Kutz J Nathan, Nachbin André, Baddoo Peter J, Bush John W M
Department of Applied Mathematics and Electrical and Computer Engineering, University of Washington, Seattle, Washington 98195, USA.
Department of Mathematical Sciences, Worcester Polytechnic Institute, Worcester, Massachusetts 01742, USA.
Phys Rev E. 2023 Sep;108(3-1):034213. doi: 10.1103/PhysRevE.108.034213.
We develop a data-driven characterization of the pilot-wave hydrodynamic system in which a bouncing droplet self-propels along the surface of a vibrating bath. We consider drop motion in a confined one-dimensional geometry and apply the dynamic mode decomposition (DMD) in order to characterize the evolution of the wave field as the bath's vibrational acceleration is increased progressively. Dynamic mode decomposition provides a regression framework for adaptively learning a best-fit linear dynamics model over snapshots of spatiotemporal data. Thus, DMD reduces the complex nonlinear interactions between pilot waves and droplet to a low-dimensional linear superposition of DMD modes characterizing the wave field.
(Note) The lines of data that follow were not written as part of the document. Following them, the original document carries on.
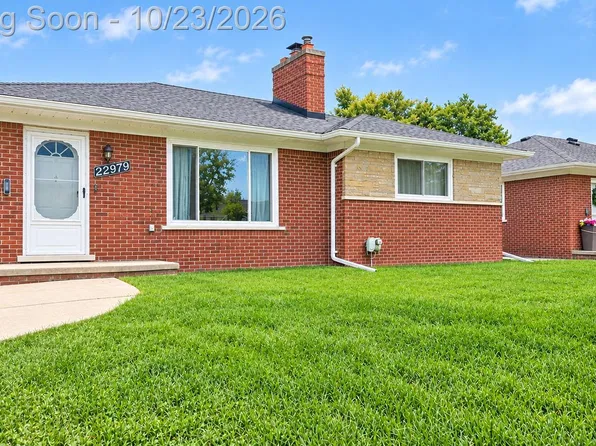 22979 Rosedale St, Saint Clair Shores, MI 48080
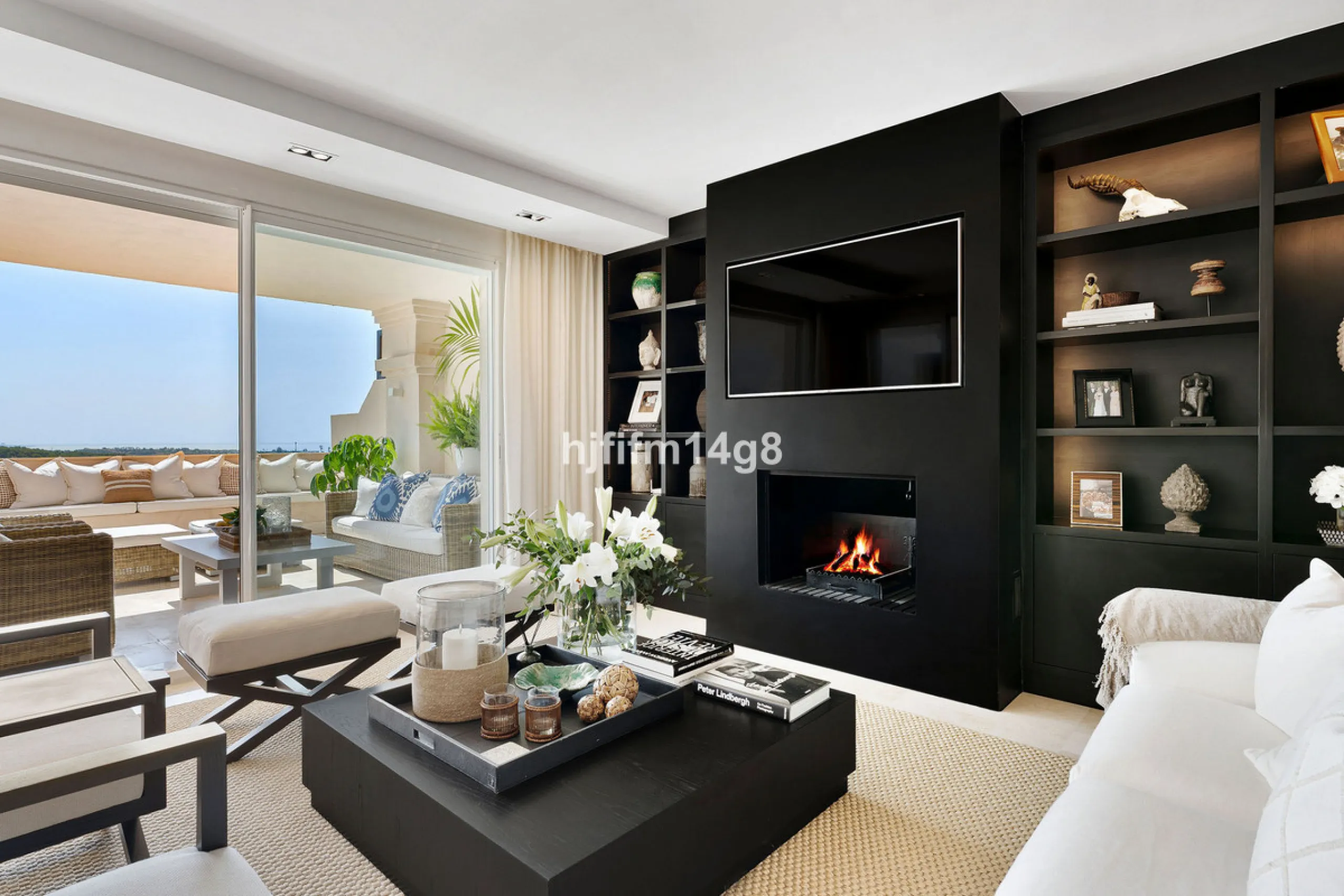 This unit is truly one of a kind. 3-bedroom apartment for sale in the prestigious Albatross Hill complex, located in the heart of Nueva Andalucía's Golf Valley. This elegant home offers the perfect blend of luxury, comfort, and convenience—ideal as a perm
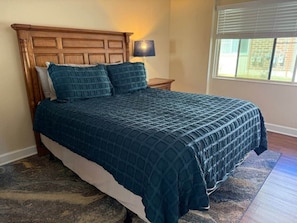2 bedrooms, desk, iron/ironing board, free WiFi - Short walk to Shands, VA, University of Florida 1 (Gainesville)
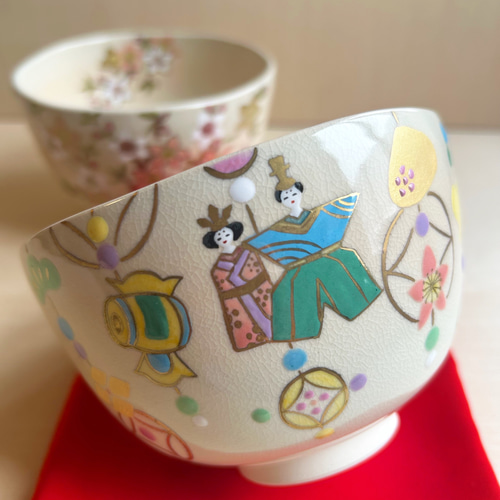 煎茶道具　賣茶好　酉年　鶏鳴盃　茶碗 ４客　共箱　V　6533 煎茶道具 賣茶好 酉年 鶏鳴盃 茶碗 4客 共箱 V 6533 - メルカリ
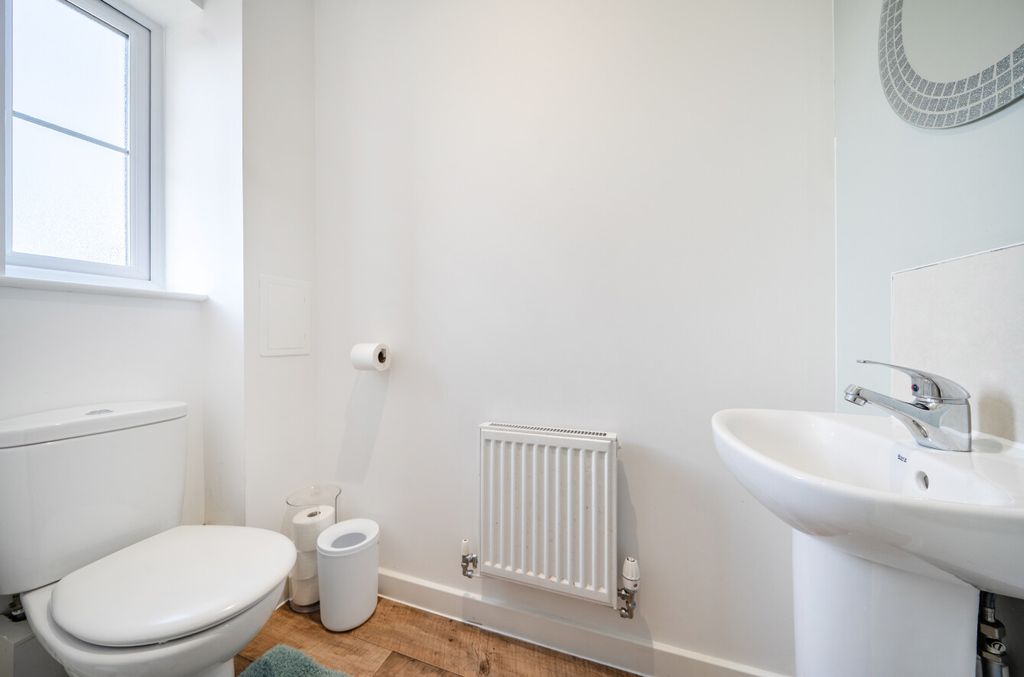 Property photo 3 of 9
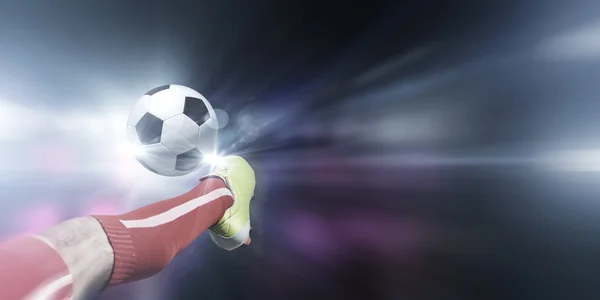 Voetbal kick — Stockfoto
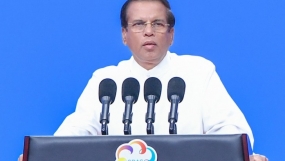 ත්‍රස්තවාදය ලොවෙන් අතුගා දැමීමට සියලු රාජ්‍යයන් මිත්‍රශීලීව අත්වැල් බැඳගත යුතු බව ජනපති ලෝක නායකයන් ඉදිරියේ අවධාරණය කරයි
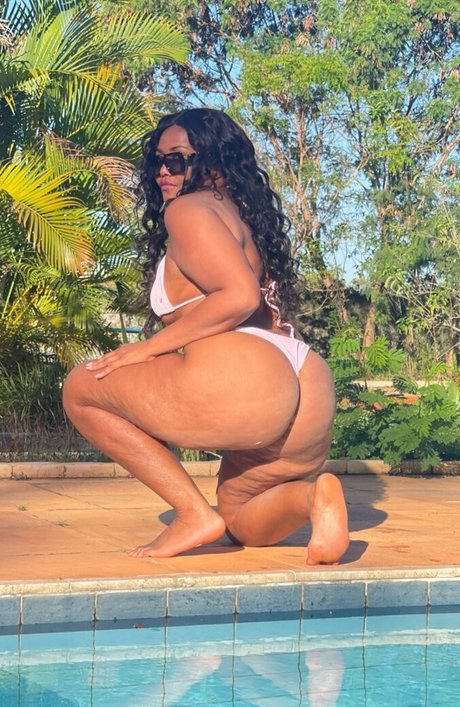 Gaby Amarantos 裸モデル 写真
In particular, it provides a low-dimensional characterization of the bifurcation structure of the pilot-wave physics, wherein the excitation and recruitment of additional modes in the linear superposition models the bifurcation sequence. This DMD characterization yields a fresh perspective on the bouncing-droplet problem that forges valuable new links with the mathematical machinery of quantum mechanics. Specifically, the analysis shows that as the vibrational acceleration is increased, the pilot-wave field undergoes a series of Hopf bifurcations that ultimately lead to a chaotic wave field. The established relation between the mean pilot-wave field and the droplet statistics allows us to characterize the evolution of the emergent statistics with increased vibrational forcing from the evolution of the pilot-wave field. We thus develop a numerical framework with the same basic structure as quantum mechanics, specifically a wave theory that predicts particle statistics.
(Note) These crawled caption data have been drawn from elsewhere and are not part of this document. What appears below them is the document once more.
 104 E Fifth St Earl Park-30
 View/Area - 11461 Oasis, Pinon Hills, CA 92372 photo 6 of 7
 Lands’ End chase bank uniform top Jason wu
我们对导波流体动力系统进行了数据驱动的表征,其中一个弹跳的液滴在振动浴的表面上自行推进。我们考虑在受限的一维几何结构中的液滴运动,并应用动态模式分解(DMD)来表征随着浴的振动加速度逐渐增加时波场的演化。动态模式分解提供了一个回归框架,用于在时空数据的快照上自适应地学习最佳拟合线性动力学模型。因此,DMD将导波与液滴之间复杂的非线性相互作用简化为表征波场的DMD模式的低维线性叠加。特别是,它提供了导波物理分叉结构的低维表征,其中线性叠加中额外模式的激发和招募模拟了分叉序列。这种DMD表征为弹跳液滴问题提供了一个全新的视角,与量子力学的数学机制建立了有价值的新联系。具体而言,分析表明,随着振动加速度的增加,导波场经历了一系列霍普夫分叉,最终导致混沌波场。导波平均场与液滴统计之间已建立的关系使我们能够根据导波场的演化,随着振动强迫的增加来表征出现的统计量的演化。因此,我们开发了一个具有与量子力学相同基本结构的数值框架,具体来说是一种预测粒子统计量的波动理论。